> **EXERCISE REQUIREMENTS**: Print exactly the lines below between the line containing "Pro 30 Litre" and the line containing "Flash Annual 7", counting both of those lines. Leave pictures out.

> **DATA FOR THIS TASK**:
========================
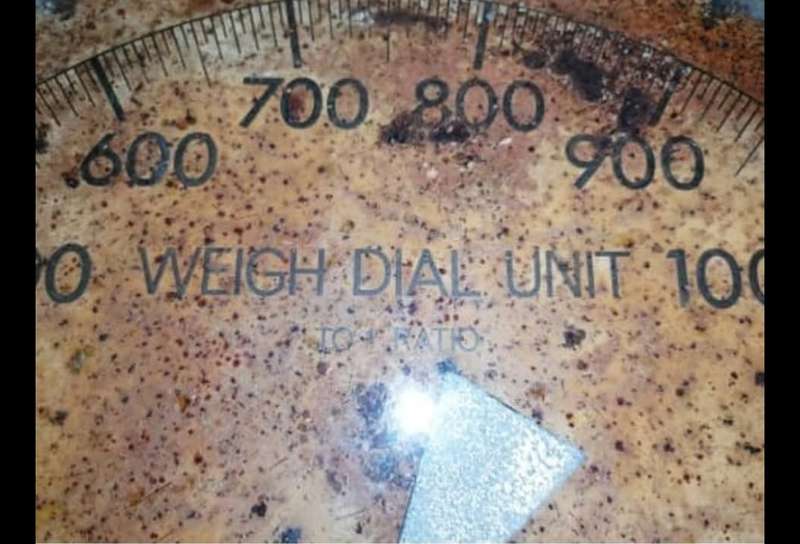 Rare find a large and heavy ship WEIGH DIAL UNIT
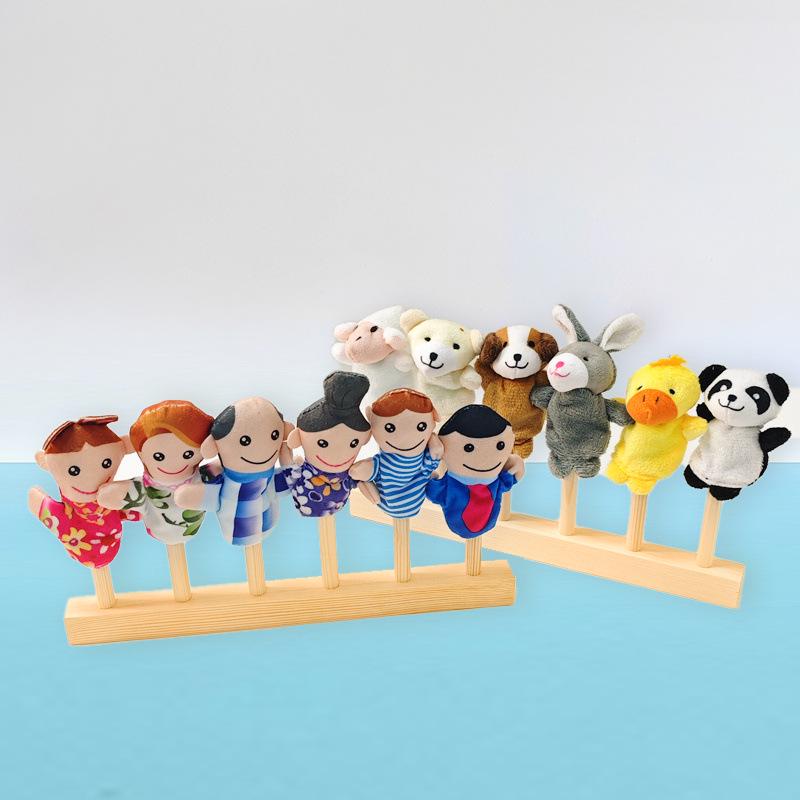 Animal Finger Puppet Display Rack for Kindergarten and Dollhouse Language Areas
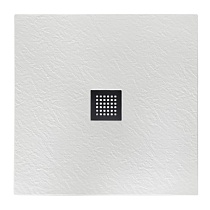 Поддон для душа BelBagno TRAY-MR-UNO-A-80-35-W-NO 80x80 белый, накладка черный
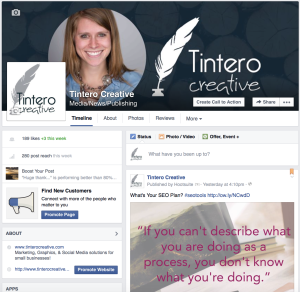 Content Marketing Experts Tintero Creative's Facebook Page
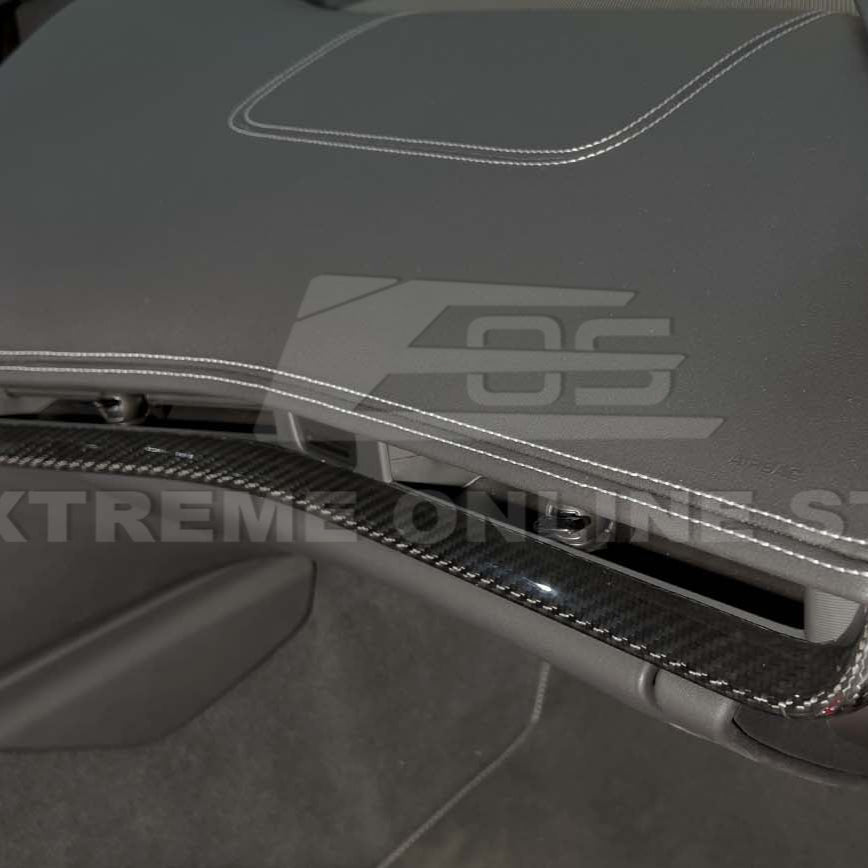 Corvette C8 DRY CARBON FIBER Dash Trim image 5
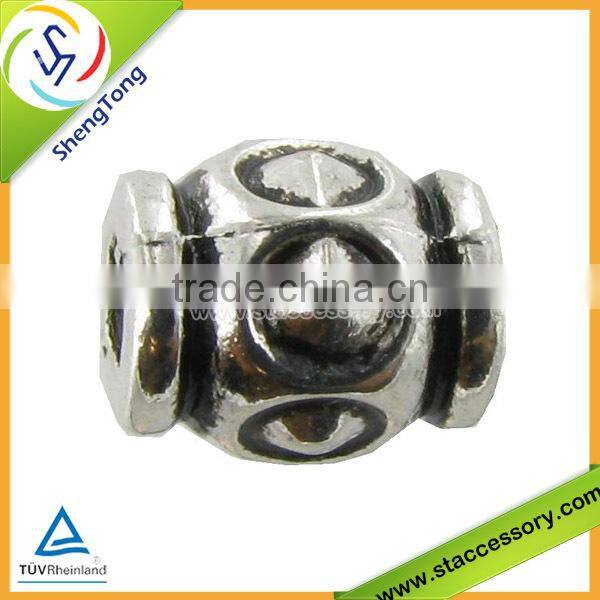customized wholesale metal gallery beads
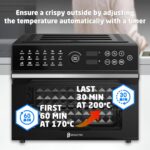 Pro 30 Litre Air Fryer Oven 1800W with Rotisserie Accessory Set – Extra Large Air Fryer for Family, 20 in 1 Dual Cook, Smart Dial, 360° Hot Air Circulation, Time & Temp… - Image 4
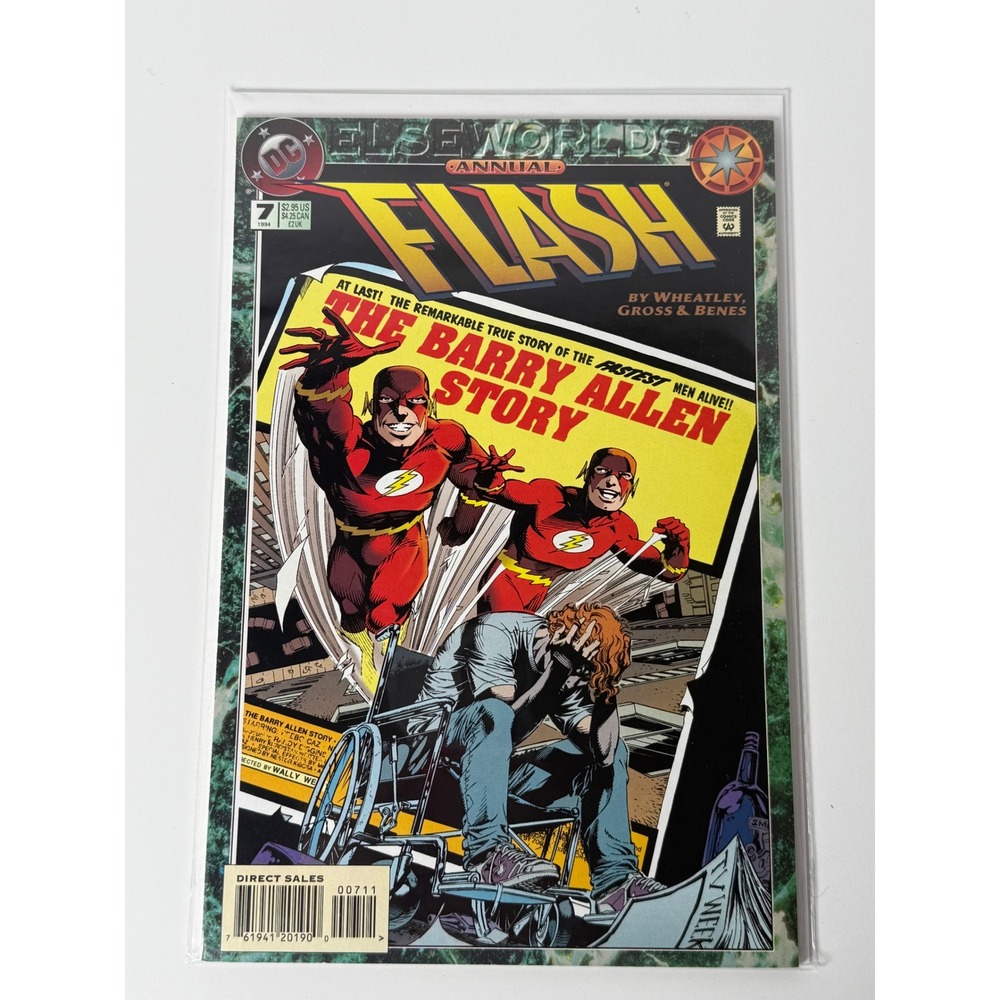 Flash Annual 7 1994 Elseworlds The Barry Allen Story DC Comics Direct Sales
========================
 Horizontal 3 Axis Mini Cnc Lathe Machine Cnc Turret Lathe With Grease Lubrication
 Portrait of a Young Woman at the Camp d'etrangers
========================
> **THE ANSWER**:
 Pro 30 Litre Air Fryer Oven 1800W with Rotisserie Accessory Set – Extra Large Air Fryer for Family, 20 in 1 Dual Cook, Smart Dial, 360° Hot Air Circulation, Time & Temp… - Image 4
 Flash Annual 7 1994 Elseworlds The Barry Allen Story DC Comics Direct Sales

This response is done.